Ortadoğu insanlık tarihi boyunca her daim kaosun ve savaşların bitmediği bir coğrafya olmuştur. Üç hak dinin de çıkış noktası da Ortadoğu’dur. Bu nedenle bu bölgede yaşayan insanlar tarih boyunca eziyetlere ve soykırımlara uğratılmıştır. 
Bu topraklar üç hak dinin çıkış noktası olması münasebetiyle bu üç dine mensup olanlar tarafından kutsal olarak kabul edilmiş ve bu topraklarda egemenlik hakkı kurmak hep idealleri olmuştur. Bu ideallere ulaşmak için önce o bölgede yaşayanlarla savaşarak katletmiş sonra mağlup olup teslim olanlara da sayısız işkenceler yaparak bölgeden uzaklaştırmaya çalışmışlardır. 
Hangi dine mensup olursa olsun dünya üzerinde kendini güçlü olarak görenler, o herkesin gözünün üzerinde olduğu coğrafya da emellerini yerine getirmeye çalışmış, bazen kısa süreli planlarla bazen de uzun yılları kapsayan planlarla projelerini uygulamaya koymuşlardır. 
Şimdi de bu projelerden biri yaşanmaktadır.

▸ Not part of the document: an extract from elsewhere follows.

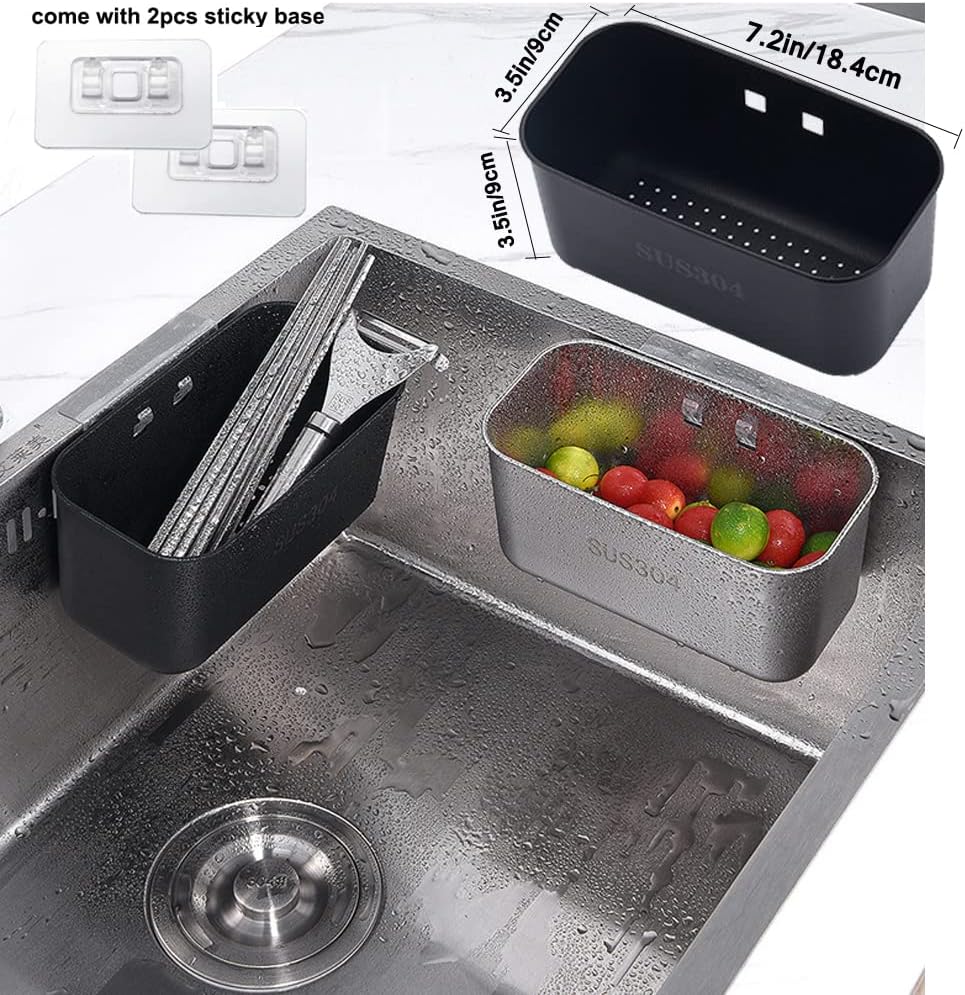 Stainless Steel Sink Strainer Kitchen Food Catcher Sink Strainer Basket for Filter Kitchen Waste and Wash Vegetables Fruits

Osmanlı Devleti’nin yüzyıllarca bölge halkına sağladığı huzur ve sükunet 1. Dünya savaşıyla bitirilmiş, bölgede küçük devletçikler oluşturulmuş ve bugünkü kaosun temelleri atılmıştır. 
Düne kadar dağda köyleri basan küçük çocukların canını alan bir terörist için, terörist te olsa insandır onu öldüremezsin deyip ayağa kalkan bir Avrupa, şimdi binlerce masum çocuğun katledilmesini lal olmuş suspus şekilde görmezden geliyor. 
Bu da nasıl bir oyunun içinde olduğumuzun en büyük kanıtı değil mi. 
Ortadoğu yanıyorsa bu Müslümanların bir olamamasından, gayrimüslümlerin de bir olmasındandır.